Each crew had a pilot, a flight engineer, two gunners and an interpreter — all Afghans — and a pilot and a gunner/flight engineer who both were coalition advisers.
One helicopter suddenly banked hard left, nearly 45 degrees to the horizon. “Break right, break right!” an Afghan gunner yelled over his headset. “Break left, break left! Roll out, roll out!”
Air Force Staff Sgt. Ben Jacobs, the coalition gunner/flight engineer, mouthed the word “down,” motioning with both thumbs, and for a second, it seemed the aircraft was out of control.
The helicopter finally leveled off in this exercise, designed to teach crews how to react to ground fire. The “aerial escort” mission, in which Afghan crews fly in two-ship formations, is something they will have to master to provide close air support and coordinate with Afghan soldiers to attack enemy forces on the ground.

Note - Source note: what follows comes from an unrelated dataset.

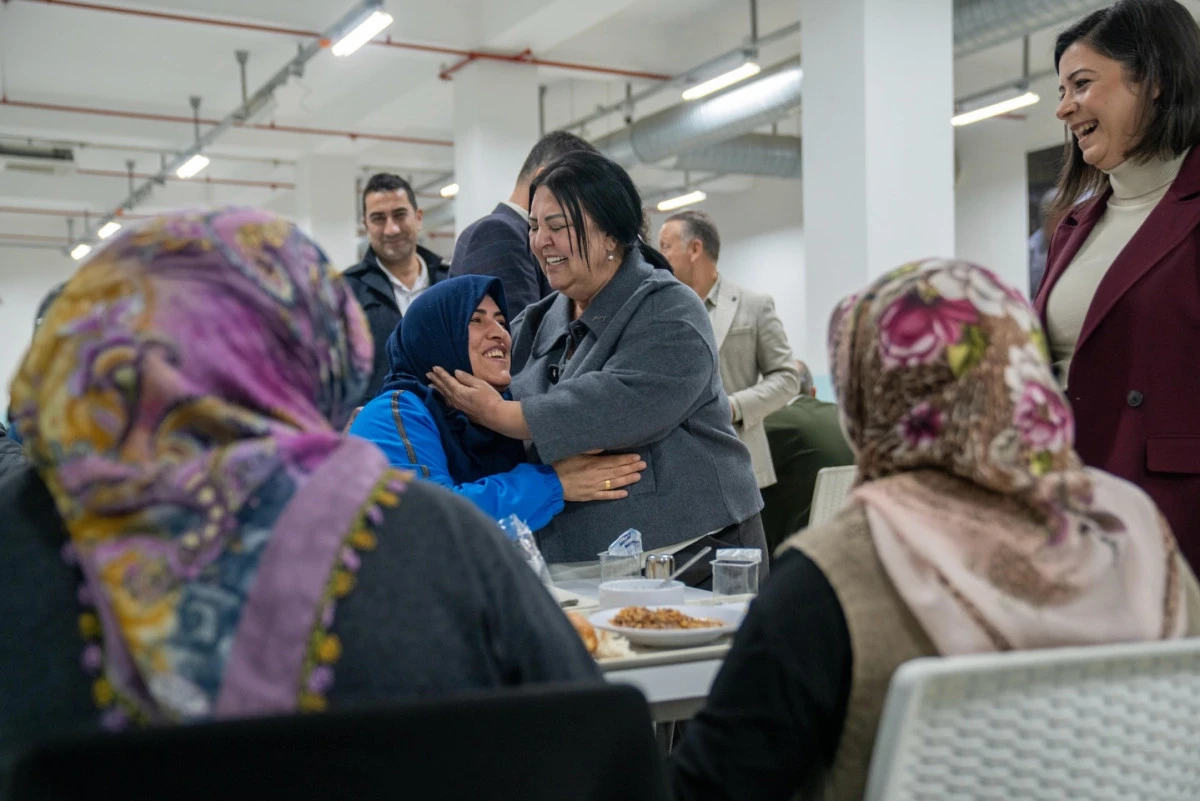 Başkan Vekili Akkan, Seyhanlılar İle İftar Sofrasında Buluştu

This was just one of several training sessions per week at Kandahar Air Field by the 738th Air Expeditionary Advisory Squadron, which is tasked with training and advising the Afghan air force’s Kandahar Air Wing. Afghan pilots flew 70 percent of the training mission, said Air Force Capt. Jeremy Powell, an adviser pilot with the 738th.
Coalition advisers planned the two-hour mission and led a pre-mission briefing, but an Afghan intelligence officer and several Afghan crew members also briefed, with advisers quizzing them about what to do in case of contingencies. The two Afghan pilots were proficient in English, but interpreters jumped in often to translate, especially for the rest of the crew.

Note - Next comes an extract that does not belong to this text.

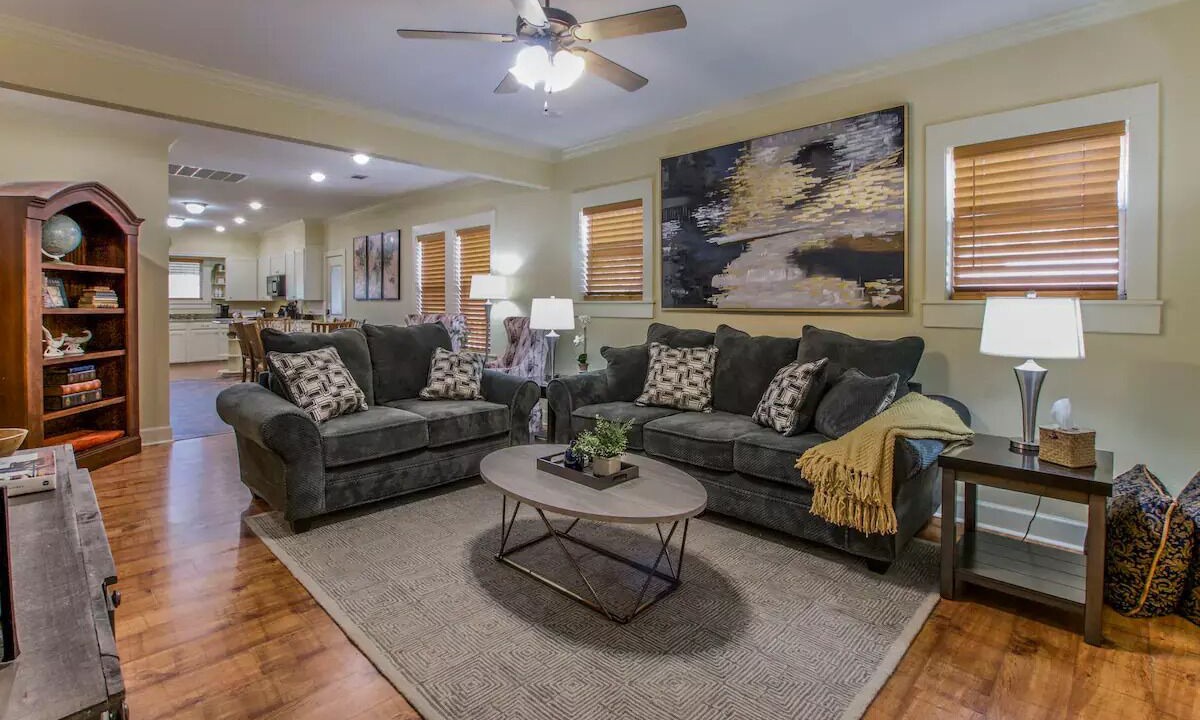 Photo of Livingroom in Lacy-Lakeview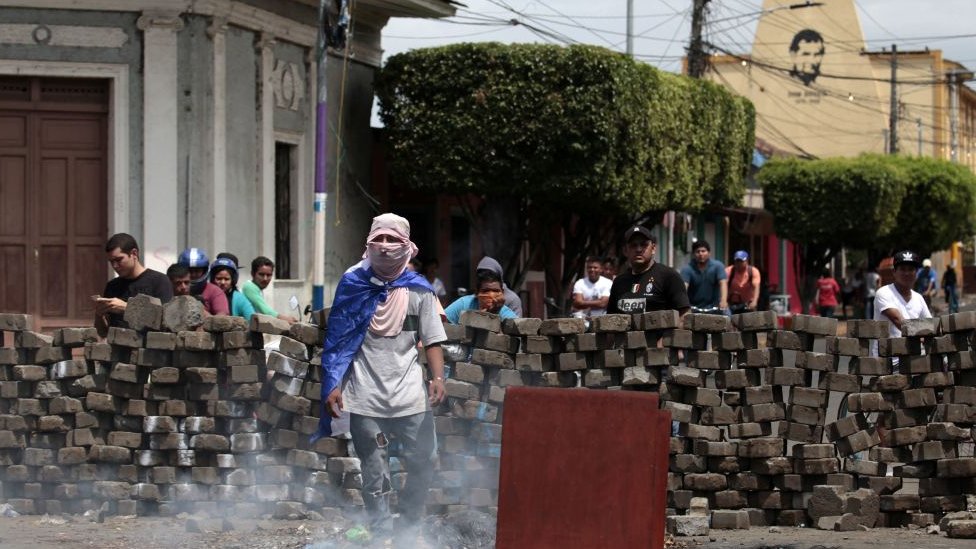 Manifestantes en Masaya, donde se enfrentaron otra vez policías y manifestantes.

With only 18 months left to go before NATO ends its combat mission and much of its air support, coalition trainers are teaching the Afghan air force how to fly and maintain aircraft, and secure airfields as fast and as much as they can before coalition combat troops leave, along with much of its air power.
In a landlocked country roughly the size of Texas, where towns and cities are separated by vast expanses of mountain and desert, an air force is crucial to sustaining the 350,000 Afghan ground troops stationed at remote bases who will continue fighting the estimated 20,000 to 30,000 Taliban insurgents in the country long after coalition troops leave.
Tasked with the mission are about 940 coalition trainers, most of whom will stay through 2017 because of technological challenges, especially for a country where 60 percent to 70 percent of the population is illiterate in its own languages.
To become pilots, Afghans must undergo about two years of training: one year of English immersion, six months of basic flight school, two months of advanced flight drills, then months more experience to qualify for specific missions.
Currently, 128 pilots are being trained, compared with 98 who are operational. One of the pilots undergoing training is 21-year-old 2nd Lt. Niloofar Rhmani, the first woman in 30 years to be trained to fly in Afghanistan.
The most difficult challenge for the trainers by 2017 will be bringing Afghan aircraft maintenance crews up to international standards, coalition officials say.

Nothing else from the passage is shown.